Schwierige Lage in Sjewjerodonezk
Der ostukrainischen Stadt Sjewjerodonezk droht laut britischen Geheimdienstexperten weiterhin eine Einkreisung. Die russischen Truppen hätten ihre Bemühungen fortgesetzt, den Ring um die strategisch wichtige Stadt von Süden zu schließen. »In den vergangenen 24 Stunden haben russische Kräfte wahrscheinlich weiterhin versucht, auf der Popasna-Achse die Oberhand zu bekommen, von der sie den Kessel von Sjewjerodonezk vom Süden her einkreisen wollen«, hieß es in dem täglichen Update zum Ukraine-Krieg auf der Webseite des britischen Verteidigungsministeriums.
Nach ukrainischen Angaben ist die Chemiefabrik, wo noch Soldaten und Hunderte Zivilisten ausharren sollen, durch russischen Artillerie- und Raketenbeschuss fast vollständig zerstört. »Es gibt insgesamt auf dem Territorium des Chemiegiganten keine erhalten gebliebenen Verwaltungsgebäude mehr«, schrieb der Militärgouverneur der ostukrainischen Region Luhansk, Serhij Hajdaj, auf Telegram.
Scholz: Waffenlieferungen an Ukraine kommen rechtzeitig an
Die von Deutschland zugesagten Lieferungen schwerer Waffen an die Ukraine werden nach Worten von Bundeskanzler Olaf Scholz rechtzeitig eintreffen, um das angegriffene Land im Kampf um den Donbass zu unterstützen. »Sie werden rechtzeitig ankommen«, sagte Scholz am Freitag in einem auf Englisch geführten TV-Interview der Deutschen Presse-Agentur auf eine entsprechende Frage.

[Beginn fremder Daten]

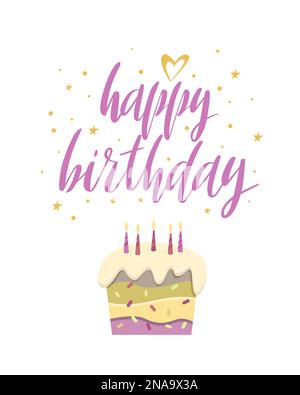 Joyeux anniversaire texte et gâteau avec bougies sur fond blanc. Carte de célébration, invitation, carte postale, bannière. Typographie de lettrage des fêtes Illustration de Vecteur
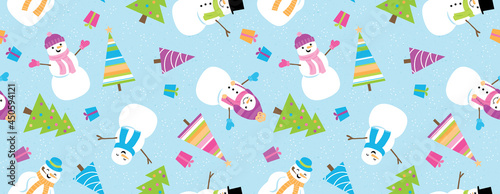 Winter wonderland snow friends! This seamless vector pattern features adorable snowmen and women bundled up against the winter day. Christmas trees accompany them.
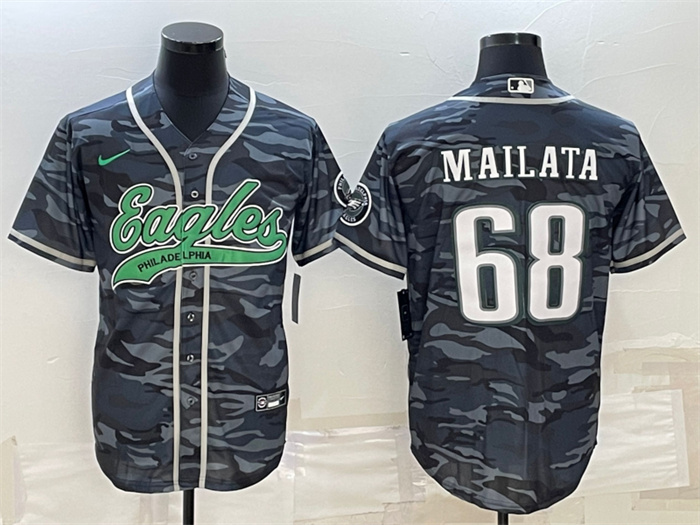 Men Philadelphia Eagles 68 Jordan Mailata Grey Camo With Patch Cool Base Stitched Baseball Jersey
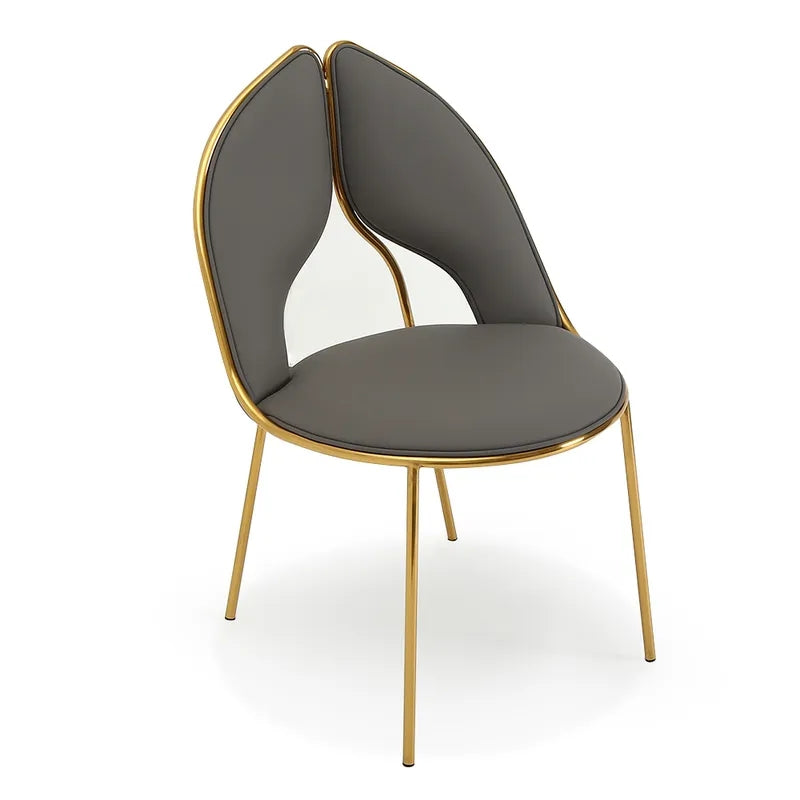 Modern Dining Chair PU Leather Upholstered Stainless Steel Gold Finish Chair (Set of 2)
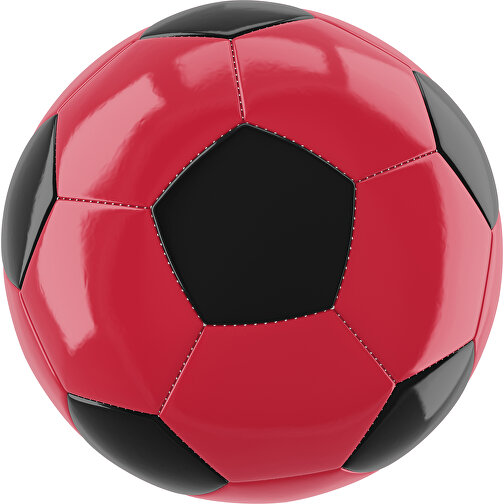 Fußball Gold 32-Panel-Promotionball - Individuell Bedruckt , dunkelrot / schwarz, PU/PVC, 3-lagig, , Bild 1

Die Industrie arbeite daran, dass die Waffen geliefert werden könnten. Es sei aber essenziell, dass ukrainische Soldaten an den modernen Systemen trainiert würden, so Scholz. »Ohne das Training kann man die Waffen nicht benutzen.«
Moskau: Knapp 2000 ausländische Kämpfer getötet
Seit Kriegsbeginn im Februar sind in der Ukraine russischen Angaben zufolge knapp 2000 ausländische Kämpfer getötet worden. »Insgesamt umfassen unsere Listen (...) Söldner und Waffenspezialisten aus 64 Ländern«, sagte der Sprecher des Verteidigungsministeriums in Moskau, Igor Konaschenkow, am Freitag. Die meisten getöteten Kämpfer stammten demnach aus Polen, den USA, Kanada und Großbritannien. Unabhängig überprüfen ließen sich diese Angaben nicht.
Die Ukraine hatte vor einigen Tagen mitgeteilt, es kämpften inzwischen Freiwillige aus rund 55 Staaten - darunter auch aus Deutschland - an ihrer Seite gegen die russischen Truppen. Anfang Juni hatte die als staatliche Stelle eingerichtete Legion erstmals auch den Tod eines Deutschen bestätigt, der bei den Gefechten im Zuge des russischen Einmarsches in die Ukraine gestorben war.
Besonderes Aufsehen erregte zuletzt der Fall von zwei Briten und einem Marokkaner, die von prorussischen Separatisten in der Region Donezk als Söldner zum Tode verurteilt wurden. Großbritannien, die Ukraine und die Vereinten Nationen kritisierten die Entscheidung scharf und sprachen von Kriegsgefangenen, die Anspruch auf Schutz hätten.